Rizzle Finch

Pets Age: 
21 month old
Pet Type: 
Male neutered, Boxer cross

Rizzle first presented to the Smart Clinic in March this year. Right fore lameness had been noted in early January and signs had waxed and waned with only temporary response to periods of rest. Radiographic and CT findings were consistent with bilateral elbow dysplasia with a fragmented coronoid process on the right. The CT imaging also showed signs of right biceps tendon pathology. He had seen an orthopaedic specialist who felt that arthroscopic assessment may be required with a view to surgery. The decision was made to try rehabilitation before proceeding with this.

During his initial assessment he showed decreased weight bearing through the right fore in stand. On gait evaluation he displayed a high head carriage with a bilaterally stilted forelimb gait. The right fore demonstrated a 2/10 lameness characterised by lack of dynamic flexion of the elbow in limb protraction. Right fore distal limb placement was also poorly controlled. When observed from the plantar aspect he had a pronounced movement of his tail base to the left in a compensatory fashion. Right hind placement was heavy and abducted, also in compensation. The right fore lameness worsened when walking on a circle to the right and he would compensate by flexing his neck laterally to the left. He lacked tolerance for walking in circles in either direction. His default gait was a trot.

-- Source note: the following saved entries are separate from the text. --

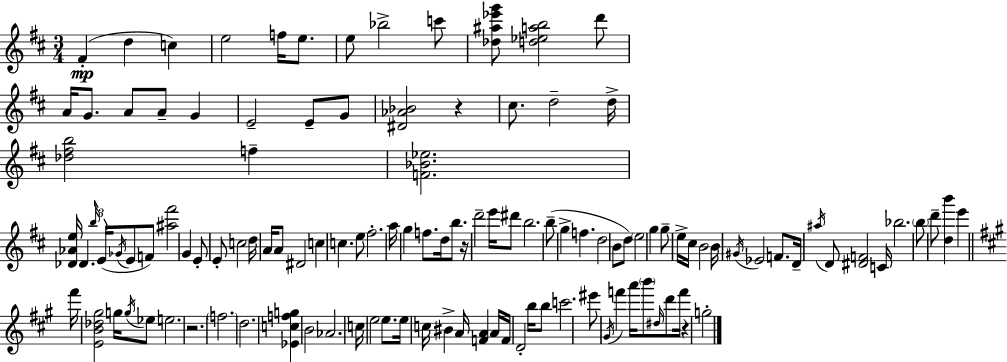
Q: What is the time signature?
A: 3/4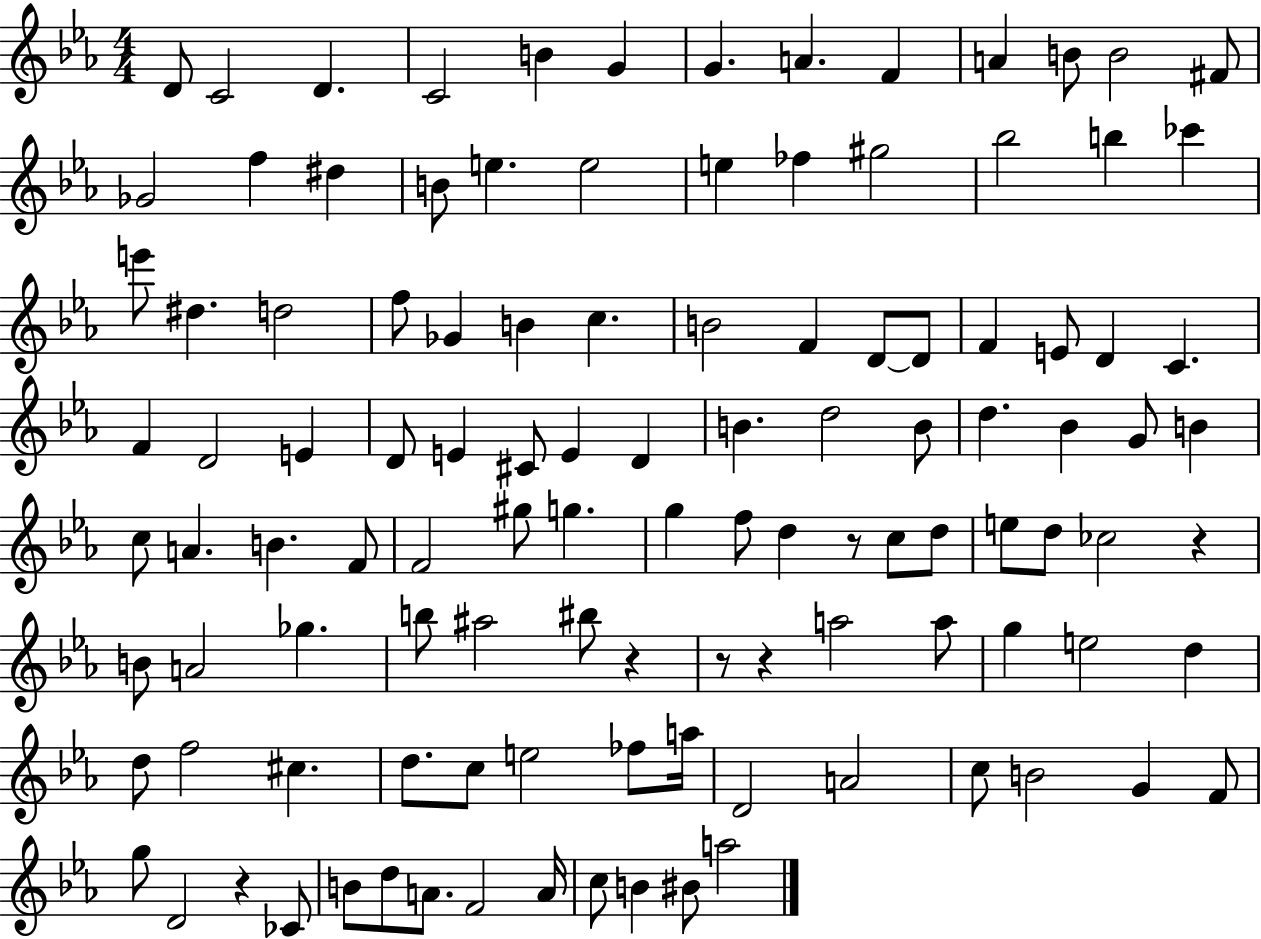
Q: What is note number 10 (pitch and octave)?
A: A4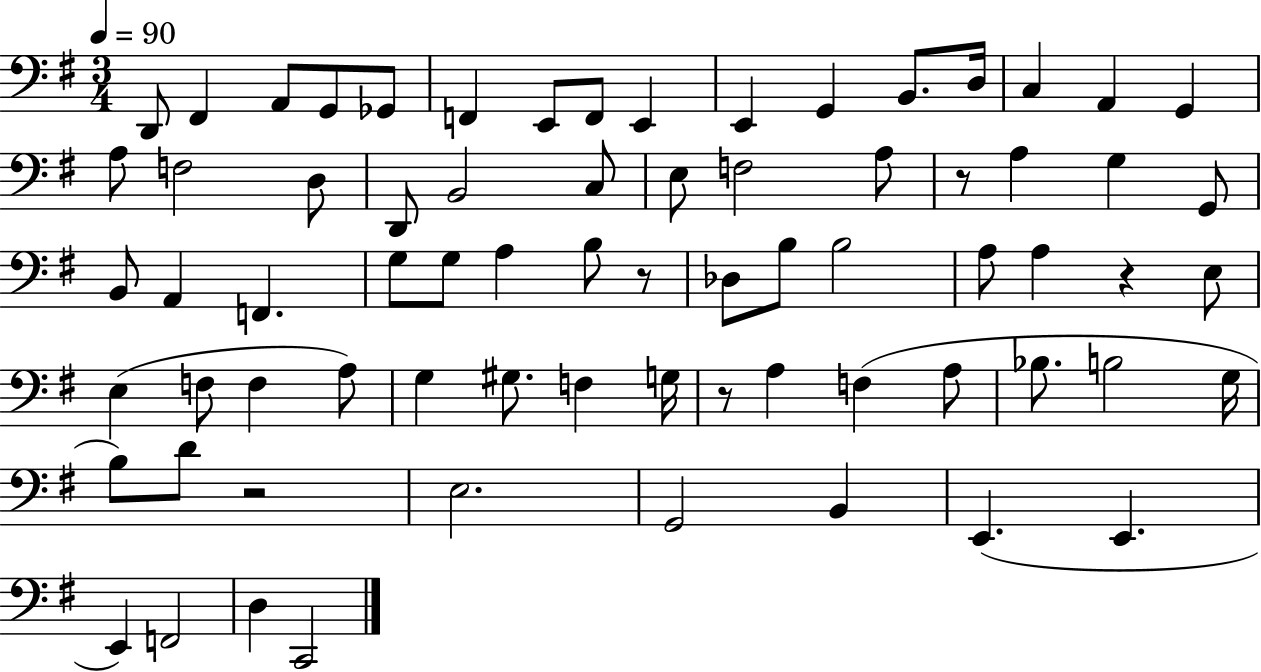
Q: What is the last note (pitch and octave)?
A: C2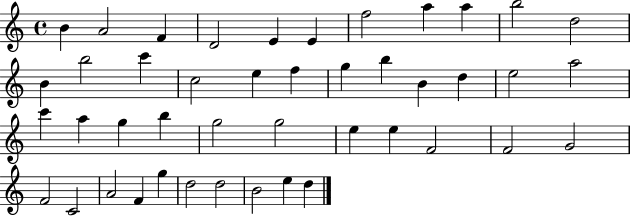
B4/q A4/h F4/q D4/h E4/q E4/q F5/h A5/q A5/q B5/h D5/h B4/q B5/h C6/q C5/h E5/q F5/q G5/q B5/q B4/q D5/q E5/h A5/h C6/q A5/q G5/q B5/q G5/h G5/h E5/q E5/q F4/h F4/h G4/h F4/h C4/h A4/h F4/q G5/q D5/h D5/h B4/h E5/q D5/q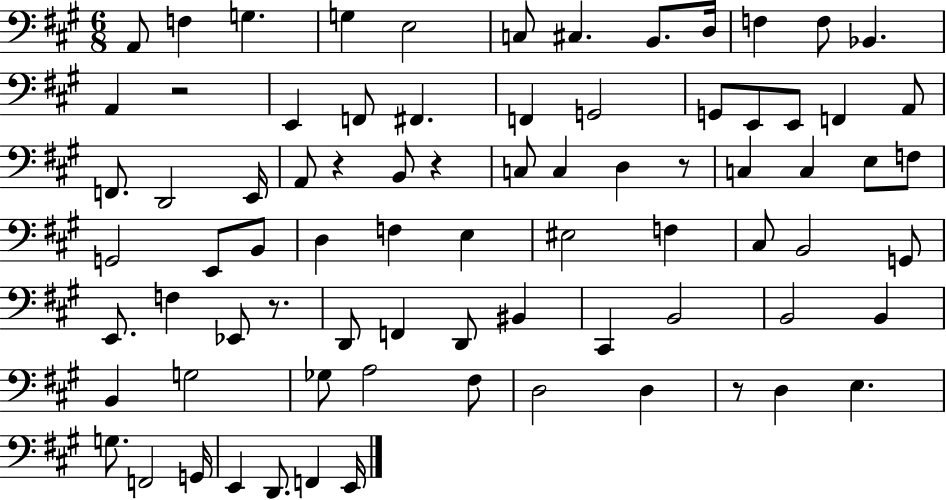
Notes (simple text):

On initial palpation there was marked tension affecting the caudal brachiocephalicus muscle, particularly on the right. There was some tenderness on palpation of the soft tissue structures on the medial aspect of her glenohumeral joint on the right. There was resentment to a right biceps stretch. There was also marked tension affecting the triceps on the right. He resented flexion and extension of the right elbow. Both elbows showed mild lateral effusion. There was effusion, heat and discomfort on digital pressure of the medial aspect of the right elbow. His overall muscle mass and tone was reasonable and this included his abdominal and paraspinal musculature. However, there was a muscular deficit affecting the proximal right fore. There was generalised hyperaesthesia and allodynia of the longissimus dorsi muscle. There was also some discomfort on palpation of both sacro-iliac joints and over both greater trochanters. Left sciatica was detected.

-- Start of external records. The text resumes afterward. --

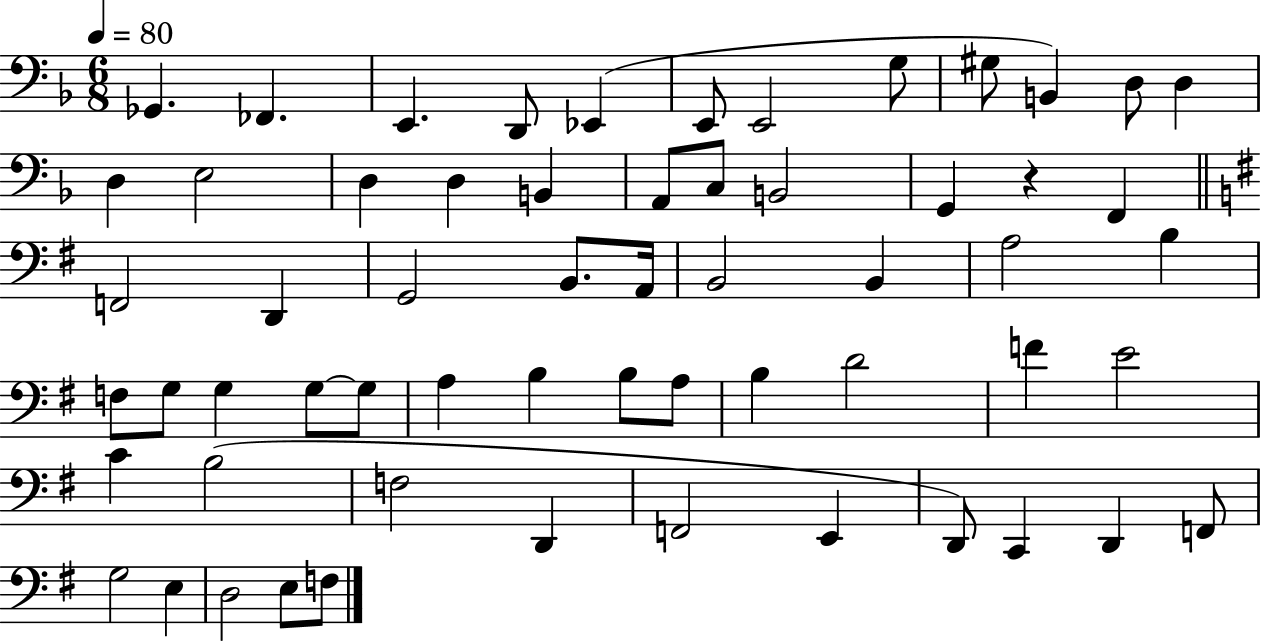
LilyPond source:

{
  \clef bass
  \numericTimeSignature
  \time 6/8
  \key f \major
  \tempo 4 = 80
  ges,4. fes,4. | e,4. d,8 ees,4( | e,8 e,2 g8 | gis8 b,4) d8 d4 | \break d4 e2 | d4 d4 b,4 | a,8 c8 b,2 | g,4 r4 f,4 | \break \bar "||" \break \key g \major f,2 d,4 | g,2 b,8. a,16 | b,2 b,4 | a2 b4 | \break f8 g8 g4 g8~~ g8 | a4 b4 b8 a8 | b4 d'2 | f'4 e'2 | \break c'4 b2( | f2 d,4 | f,2 e,4 | d,8) c,4 d,4 f,8 | \break g2 e4 | d2 e8 f8 | \bar "|."
}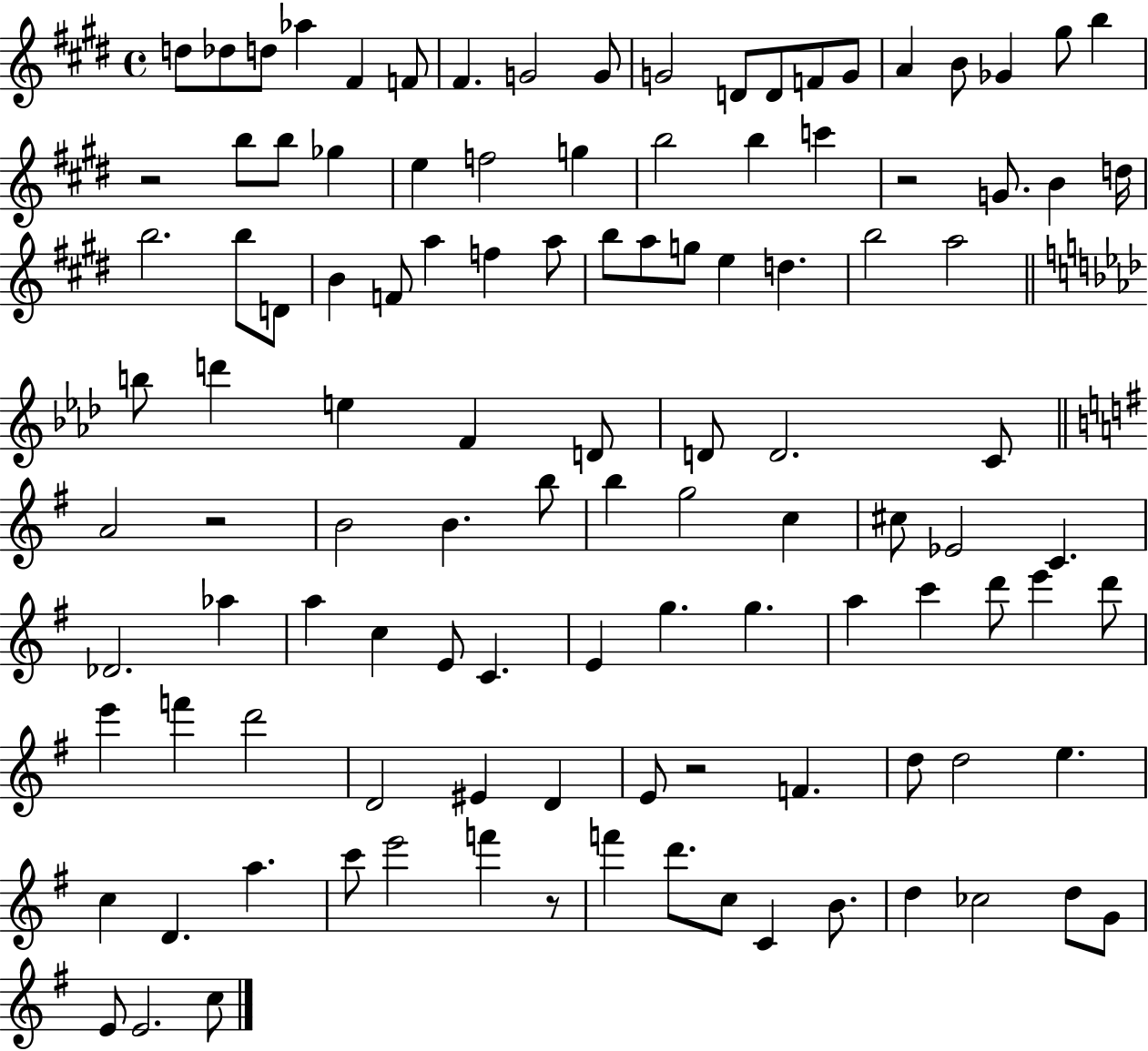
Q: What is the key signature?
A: E major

He attended the clinic once per week for eight weeks. Our initial aims were to address pain and muscle spasm and to encourage more functional recruitment of the right fore proximal musculature. Physiotherapy initially aimed to take the load off the elbows and shoulders by encouraging more functionally sound recruitment of his core and hind limb muscles. We also addressed the secondary inflammatory changes in the right biceps.  

Techniques employed in his rehabilitation included aquatic treadmill work, physiotherapy exercises, hot and cold therapies, acupuncture, chiropractic treatment and soft tissue work. His homework regime was built on week by week and included static weight bearing exercises on and off the balance cushion, stepping over obstacles and proprioceptive wrapping targeting his triceps and biceps muscles and his core musculature.

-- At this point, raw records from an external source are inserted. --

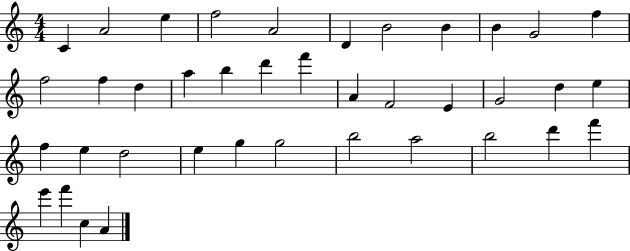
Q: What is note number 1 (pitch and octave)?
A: C4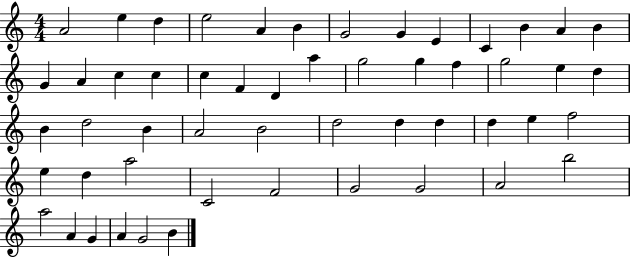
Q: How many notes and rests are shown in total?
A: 53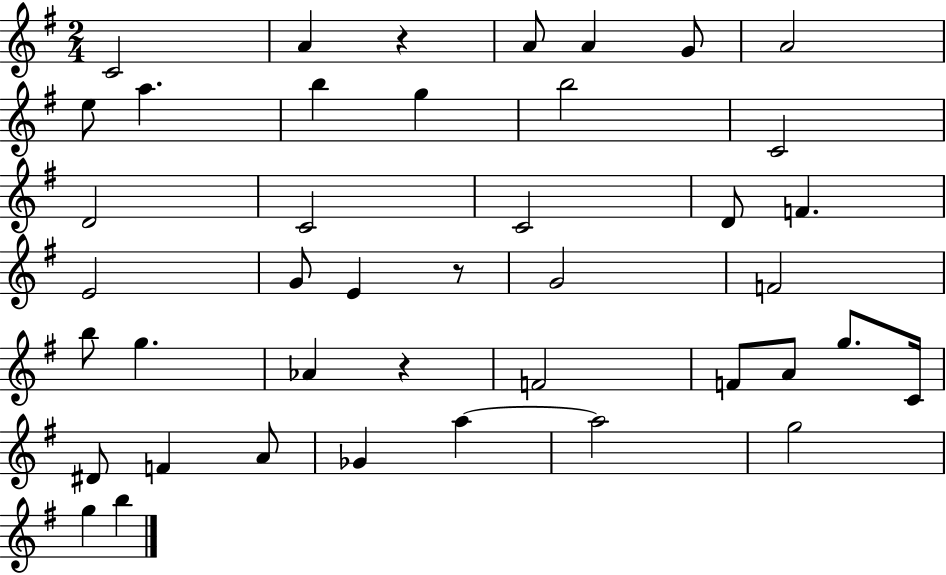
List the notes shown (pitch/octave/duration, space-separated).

C4/h A4/q R/q A4/e A4/q G4/e A4/h E5/e A5/q. B5/q G5/q B5/h C4/h D4/h C4/h C4/h D4/e F4/q. E4/h G4/e E4/q R/e G4/h F4/h B5/e G5/q. Ab4/q R/q F4/h F4/e A4/e G5/e. C4/s D#4/e F4/q A4/e Gb4/q A5/q A5/h G5/h G5/q B5/q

When he started his treatment he was on 2mg/kg daily of carprofen but it was possible to wean him off this after six weeks of treatment. He also received a four week course of Cartrophen.

After 8 weeks he started some interval jogging in preparation for off lead and from here he was able to start off lead exercise at the end of a walk for a few minutes. His last visit at the time of writing was in early June he was able to be off lead for a large part of his walks lasting 45-60 minutes. There was no lameness detected on gait evaluation. The effusion and heat in the right elbow had completely subsided and he tolerated manipulation of the joint through full range well. Proximal right fore muscle mass and tone had improved. The only abnormal findings were mild muscular tension in the brachiocephalicus on the right and in the paralumbar musculature. We will soon be able to reduce his treatment frequency further and his activity levels will be gradually increased toward discharge.

This is an example of how the signs of elbow dysplasia in certain cases will resolve with rehabilitation, rather than requiring surgery. We are all aware that any osteoarthritic changes that are present will likely develop further in later years but the severity of the wear and tear will be less dramatic due to his improved biomechanical picture.